Embora intimada para complementar suas informações contábeis, a candidata somente ofereceu contas retificadoras e documentos adicionais após o parecer conclusivo da unidade técnica.

Diante disso, o juízo a quo considerou as contas retificadoras apresentadas após o parecer conclusivo como “extemporânea e inválida”, apontando que “está preclusa a oportunidade de juntada de manifestações nas quais a parte já foi intimada”.

Em suas razões, a recorrente sustenta que o atraso na entrega dos documentos decorreu de falha da profissional contábil contratada e que é possível a avaliação das contas retificadoras oferecidas em 28.2.2025, ainda antes da decisão final de mérito.

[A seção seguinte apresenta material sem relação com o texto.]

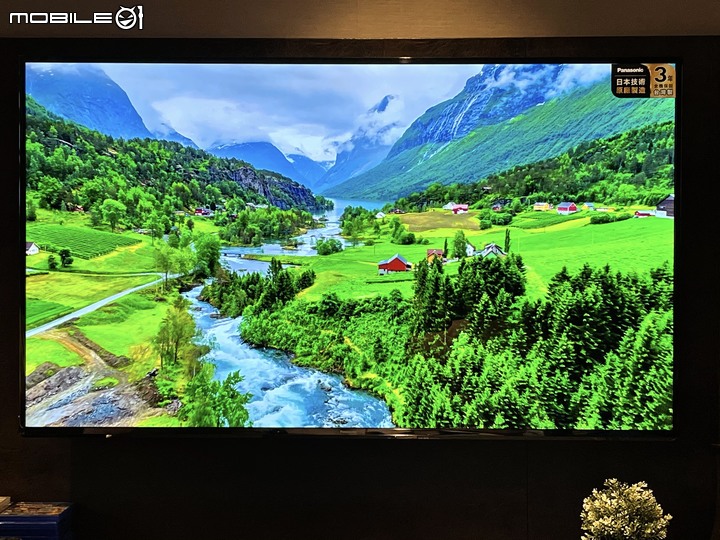[開箱]影音雙享 夢想中的客廳Panasonic 65HX750W & SoundBar SC-HTB250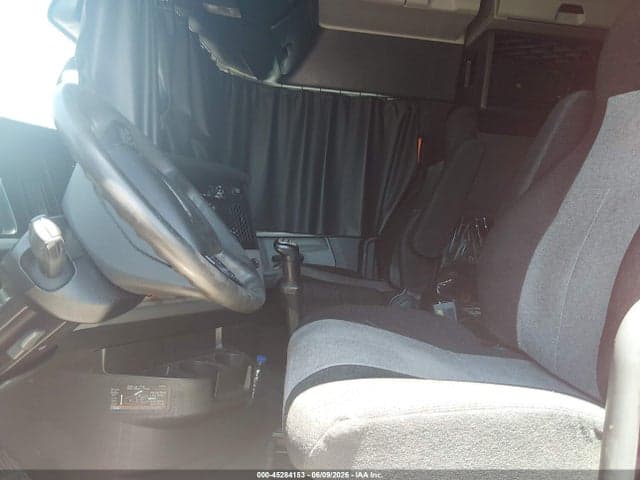2021 FREIGHTLINER NEW CASCADIA 126 7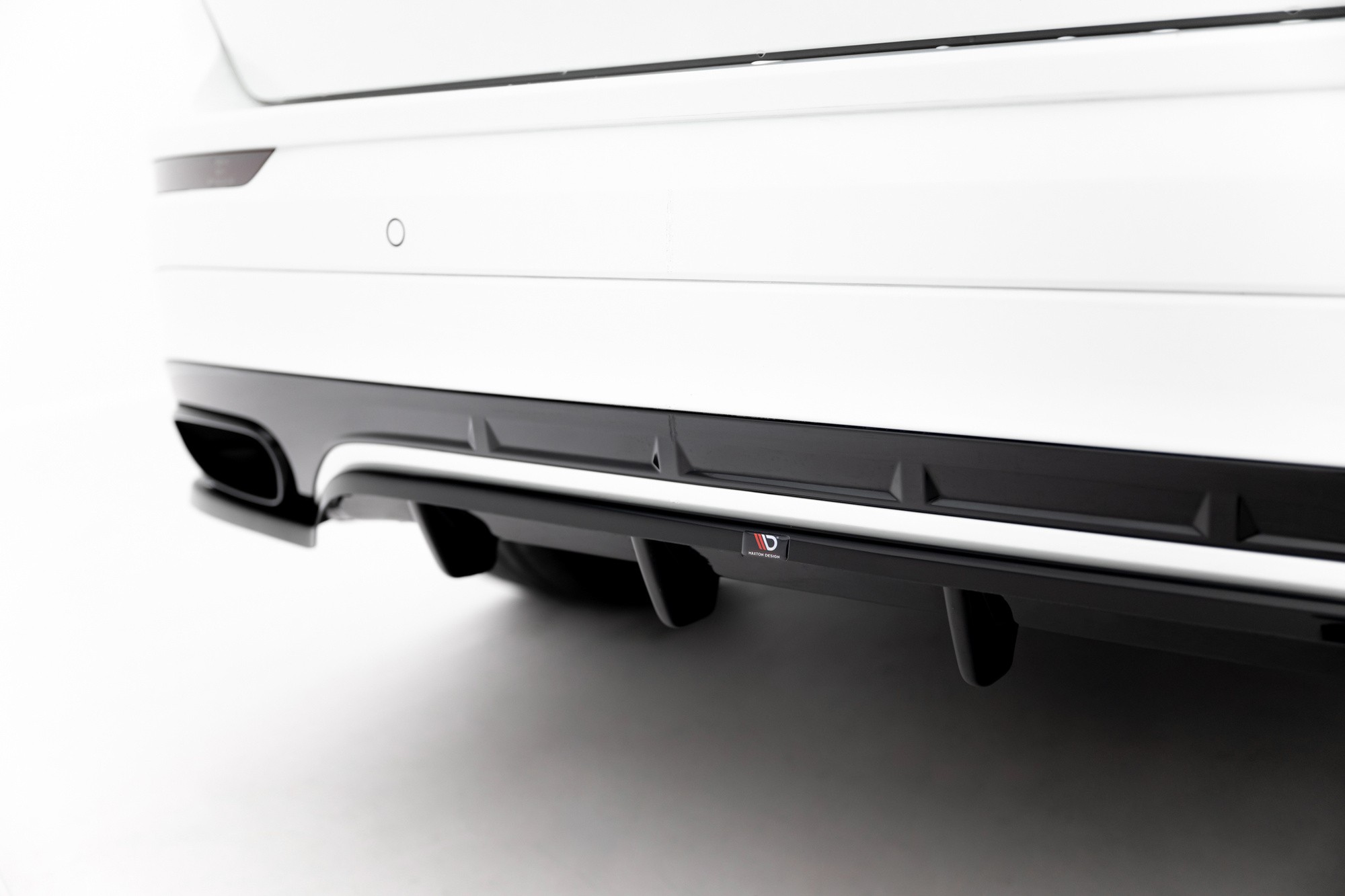 Maxton Design: så väljer du frontläpp, splitter och diffuser till din bil 7 Blanksvart bakre diffuser på en Volvo XC60, en yta som visar repor och smuts tydligare än lack (foto: Maxton Design)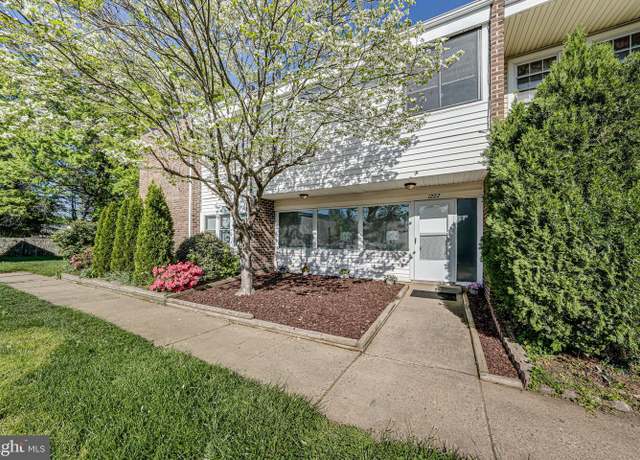 Property at 1222 Magnolia Ln, Herndon, VA 20170, 3 beds, 2.5 baths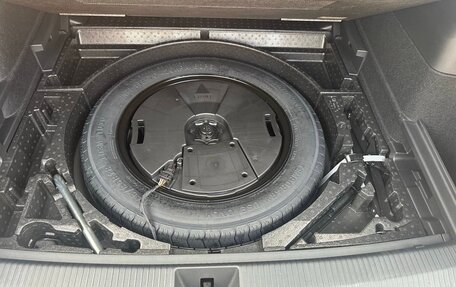 Volkswagen Tiguan, 2024 год, 4 399 000 рублей, 21 фотография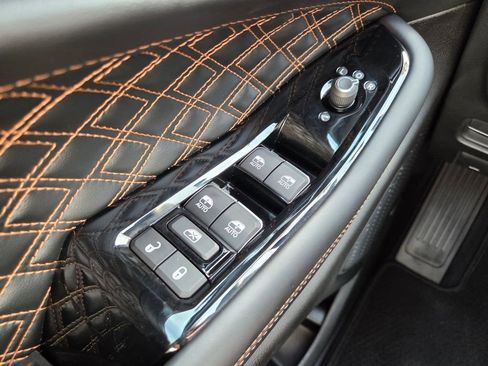 Used 2023 Jeep Grand Cherokee L Summit AWD/4WD image 25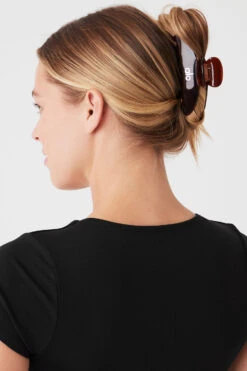 90's Claw Clip - Brown Tortoise -ALO Clothing Shop A0286W 05200 b1 s1 a1 1 m89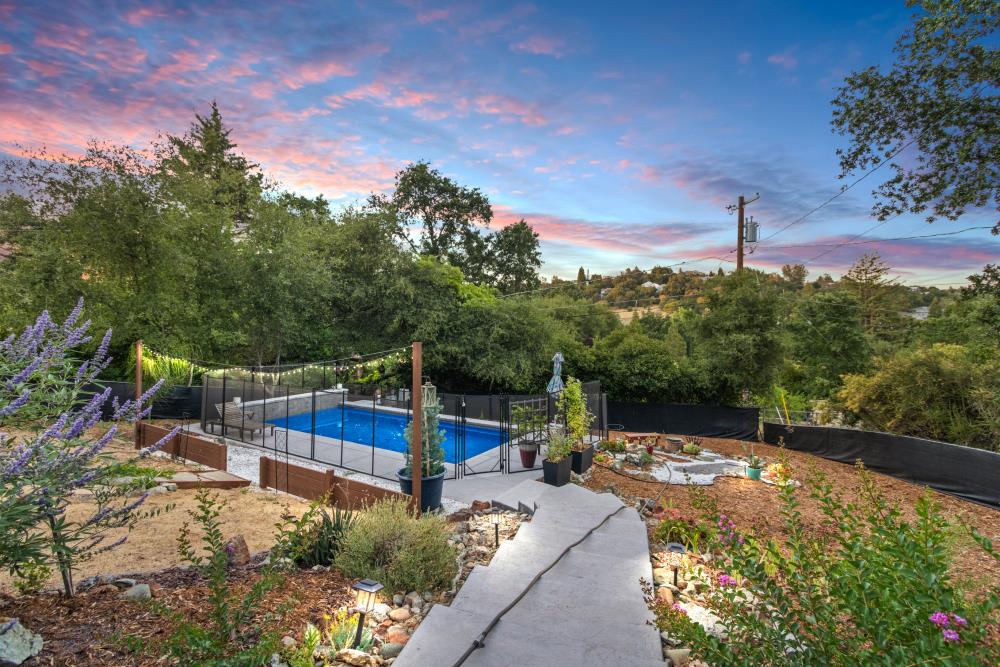 2440 Knollwood Drive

A tese recursal em tela foi recentemente apreciada pelo Tribunal no julgamento do REl n. 0600248-02, na sessão virtual de 28 e 29.8.2025, em caso bastante análogo, também procedente do Município de Júlio de Castilhos, assim ementado:

DIREITO ELEITORAL. ELEIÇÕES 2024. RECURSO. PRESTAÇÃO DE CONTAS. não conhecimento de documentos juntados antes da sentença. nulidade. retorno dos autos à origem. RECURSO PROVIDO. I. CASO EM EXAME 1.1. Recurso eleitoral interposto por candidato a vereador contra sentença que desaprovou suas contas de campanha nas Eleições de 2024 e determinou o recolhimento da quantia irregular ao Tesouro Nacional, em razão de divergências entre os extratos bancários e a prestação de contas apresentada. II. QUESTÕES EM DISCUSSÃO 2.1. Apurar eventual erro do juízo de primeiro grau por deixar de apreciar documentos que já integravam os autos antes do julgamento. III. RAZÕES DE DECIDIR 3.1. Reconhecimento da nulidade da sentença. O prestador apresentou documentos antes da sentença, que deveriam ter sido encaminhados para exame técnico. Determinação de retorno dos autos à origem para que seja proferida nova decisão, com a análise da prestação de contas retificadora. IV. DISPOSITIVO E TESE 4.1. Recurso provido. Nulidade da sentença. Tese de julgamento: “Viola o contraditório e a ampla defesa o não conhecimento de documentos, juntados antes da sentença, capazes de esclarecer irregularidades apontadas pela análise técnica em prestação de contas.” Dispositivos relevantes citados: Resolução TSE n. 23.607/19, arts. 53, inc. I, al. "g" e inc. II, al. "a"; 71, incs. I e II. Jurisprudência relevante citada: TSE; AgR-AI n. 0602773-81, Rel. Min. Sérgio Banhos, julgado em 24.9.2020; TRE-RS; RE n. 0600430-50/Tapes, Rel. Des. Amadeo Henrique Ramella Butelli, DJe 10.3.2022. (REl n. 0600248-02.2024.6.21.0027, Relator: Des. Federal Leandro Paulsen, julgado em 29.8.2025)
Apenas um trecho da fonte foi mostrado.